There are several ways to configure the Azure AD application with a “Federated Identity Credential” using this information:

Using the Azure AD portal

The Azure AD portal has added preview features to simplify this configuration. Visit the Azure AD portal, and pick your application under “App registrations”. Go to “Certificated & secrets” and pick “Federated Credentials”. Select “Add credential”. Azure AD App credential

In the “Federated credential scenario”, pick “Kubernetes accessing Azure resources” Azure AD K8s scenario Populate the cluster issuer URL, the namespace and service account for your deployment. Azure AD will populate the subject name with the format used by Kubernetes. Azure AD K8s credential

other ways to achieve this

You can also use the Azure CLI or do this programmatically. See this blog post for details.

Part 4: Access Azure resources using the Kubernetes token

Kubernetes issues a token for the service account at a file location specified by the mutating webhook. This token can be exchanged for an Azure AD access token. My github repo provides a simple example to demonstrate this exchange. It shows this for both Azure Identity SDK and Microsoft Authentication Library.

Updates to the Azure Identity SDK use the configuration setup by the mutating admission webhook. This allows us to use existing and familiar code patterns. Here’s an example snippet for accessing Azure blob storage:

import { BlobServiceClient } from "@azure/storage-blob"; 
import { DefaultAzureCredential } from "@azure/identity";

const credential = new DefaultAzureCredential();

const blobClient = new BlobServiceClient(`https://${account}.blob.core.windows.net`,
                                          credential );

Using Microsoft Authentication Library (MSAL)

Alternately, you can use MSAL and write code similar to what we saw in the blog for Google Cloud. In the case of Kubernetes, the token is available at a file location configured by the mutating admission webhook. The value of this file location is available in the AZURE_FEDERATED_TOKEN_FILE environment variable.

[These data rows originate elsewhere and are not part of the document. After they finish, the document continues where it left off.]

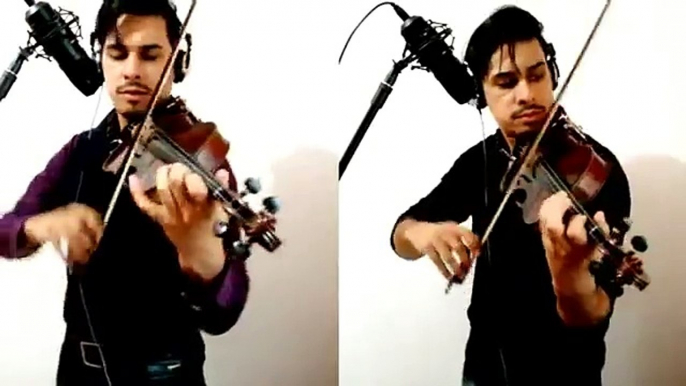 Calvin Harris - How Deep Is Your Love by 2 Douglas Mendes (Violin Cover)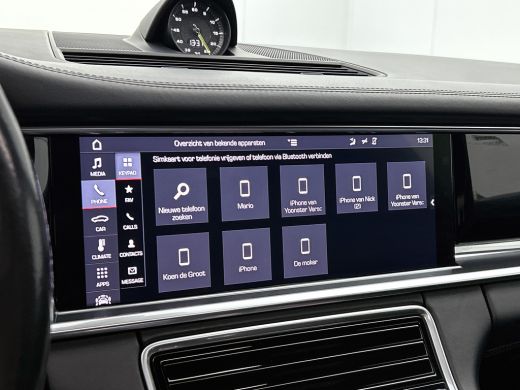 Porsche Panamera Sport 2.9 4 E-Hybrid Turismo / NL.Auto / Adap Cruise / Panorama / Leder int. / memory seats / 21"... ActivLease financial lease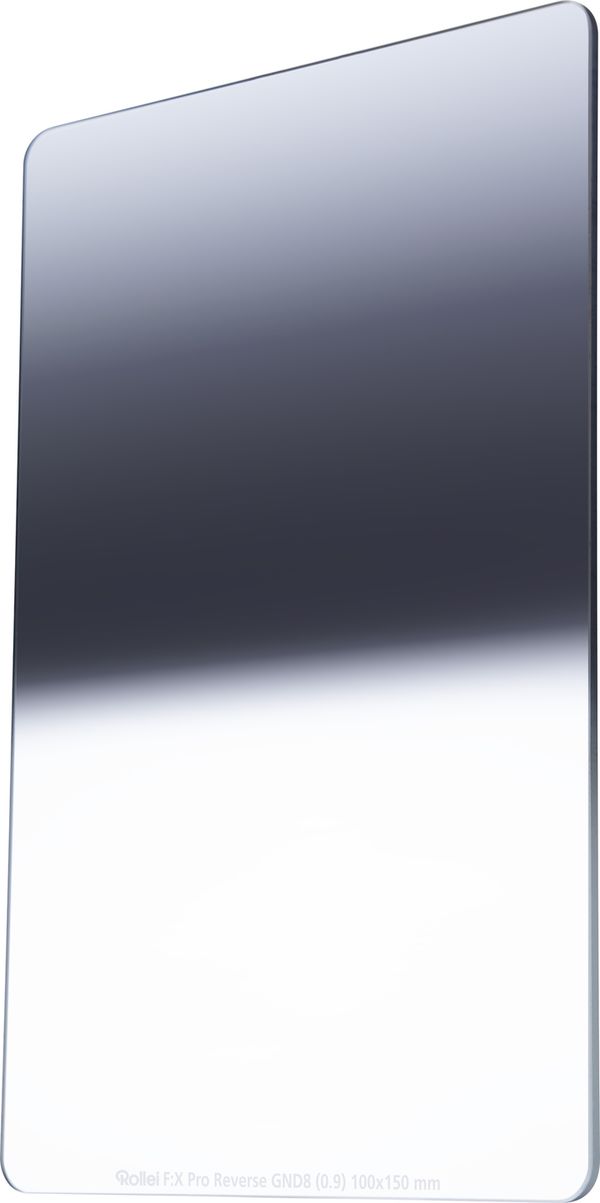 Rollei F:X Pro 100mm Grau Verlauf Reverse GND8 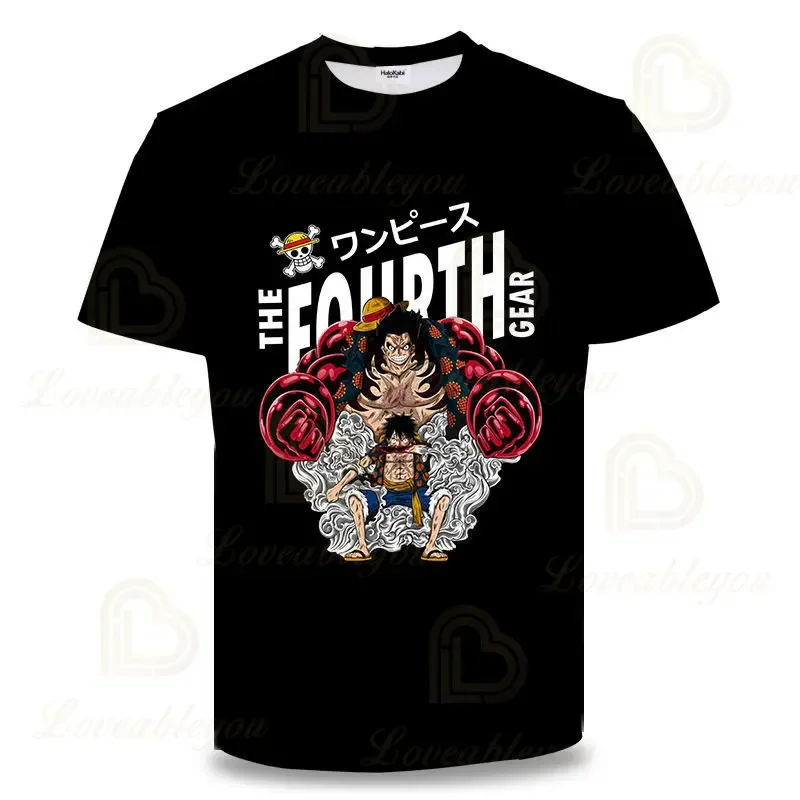 Unisex Hot One Piece Tshirt Graphic Top Tees Streetwear Punk Luffy Chopper Nami T Shirt Japanese Anime Men Funny Tops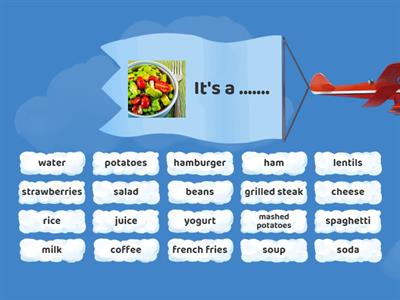 FOOD VOCABULARY CHILDREN 5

async function k8sToken() {
  return new Promise(function (resolve, reject) {
    fs.readFile(process.env.AZURE_FEDERATED_TOKEN_FILE, "utf8", function (err, data) {
      if (err) {
        logger.error("k8s token error %o", err);
        reject(err);
      }
      else {
        logger.debug("k8s token is %o", data);
        resolve(data);
      }
    });
  });
}

We can exchange this token for an Azure AD access token. This is identical to what was described in the Google Cloud blog post and repeated here for completeness.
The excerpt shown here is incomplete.